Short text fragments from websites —
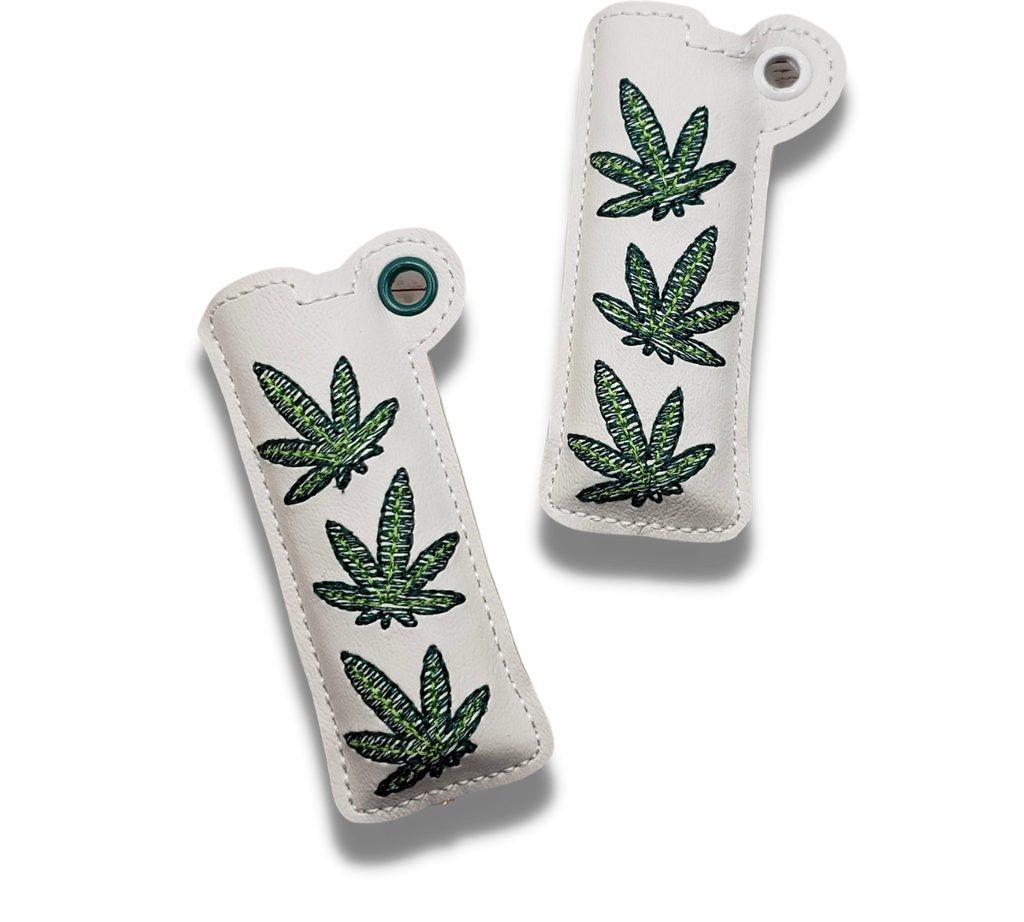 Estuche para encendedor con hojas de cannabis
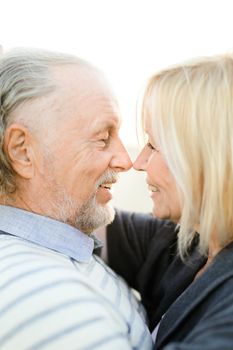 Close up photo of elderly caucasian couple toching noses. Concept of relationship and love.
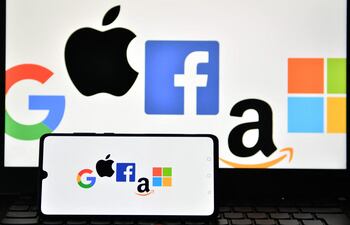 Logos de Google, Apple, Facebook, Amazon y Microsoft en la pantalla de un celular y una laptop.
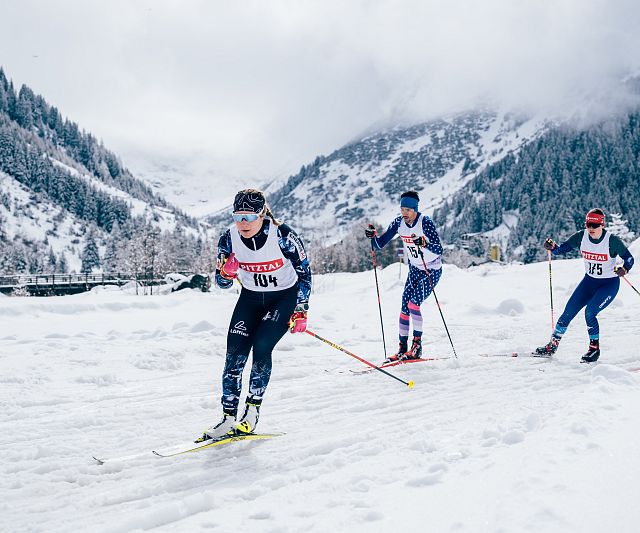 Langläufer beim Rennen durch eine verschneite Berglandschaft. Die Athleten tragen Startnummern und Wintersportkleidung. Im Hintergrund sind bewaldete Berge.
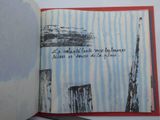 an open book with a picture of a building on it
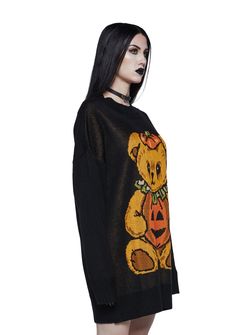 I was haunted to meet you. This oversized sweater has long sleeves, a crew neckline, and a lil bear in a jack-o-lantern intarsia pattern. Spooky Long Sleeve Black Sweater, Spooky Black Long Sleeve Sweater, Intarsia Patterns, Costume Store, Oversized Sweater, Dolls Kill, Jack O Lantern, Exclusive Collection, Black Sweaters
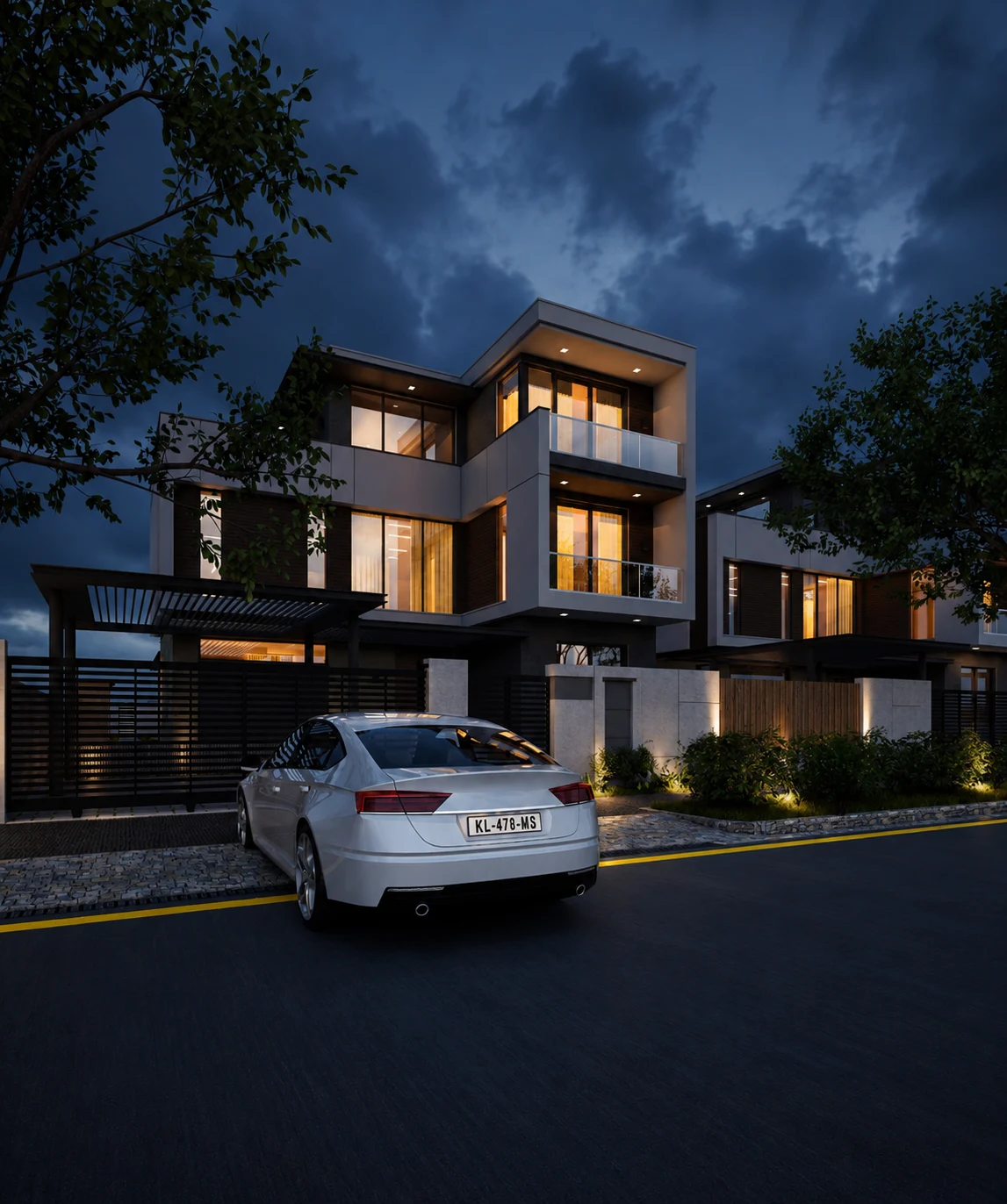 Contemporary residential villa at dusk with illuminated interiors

TASK BRIEF — A verbatim copy of the data, with all pictures omitted, is the required output.

SOLUTION TO THIS PROBLEM —
 Estuche para encendedor con hojas de cannabis
 Close up photo of elderly caucasian couple toching noses. Concept of relationship and love.
 Logos de Google, Apple, Facebook, Amazon y Microsoft en la pantalla de un celular y una laptop.
 Langläufer beim Rennen durch eine verschneite Berglandschaft. Die Athleten tragen Startnummern und Wintersportkleidung. Im Hintergrund sind bewaldete Berge.
 an open book with a picture of a building on it
 I was haunted to meet you. This oversized sweater has long sleeves, a crew neckline, and a lil bear in a jack-o-lantern intarsia pattern. Spooky Long Sleeve Black Sweater, Spooky Black Long Sleeve Sweater, Intarsia Patterns, Costume Store, Oversized Sweater, Dolls Kill, Jack O Lantern, Exclusive Collection, Black Sweaters
 Contemporary residential villa at dusk with illuminated interiors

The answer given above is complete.